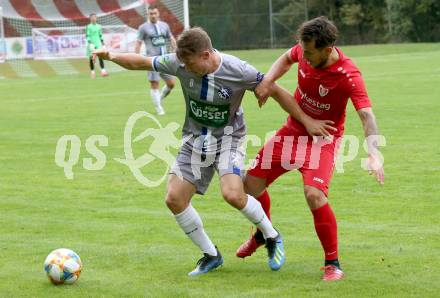 Fussball. Kaerntner Liga. Ferlach Atus gegen Dellach/Gail.  Martin Sustersic (Ferlach),  Silvio Mandl (Dellach). Ferlach, am 9.10.2021.
Foto: Kuess
www.qspictures.net
---
pressefotos, pressefotografie, kuess, qs, qspictures, sport, bild, bilder, bilddatenbank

◆ **What you will do**
The records above are to be copied exactly, without their pictures.

◆ **Task solution**
 Fussball. Kaerntner Liga. Ferlach Atus gegen Dellach/Gail.  Martin Sustersic (Ferlach),  Silvio Mandl (Dellach). Ferlach, am 9.10.2021.
Foto: Kuess
www.qspictures.net
---
pressefotos, pressefotografie, kuess, qs, qspictures, sport, bild, bilder, bilddatenbank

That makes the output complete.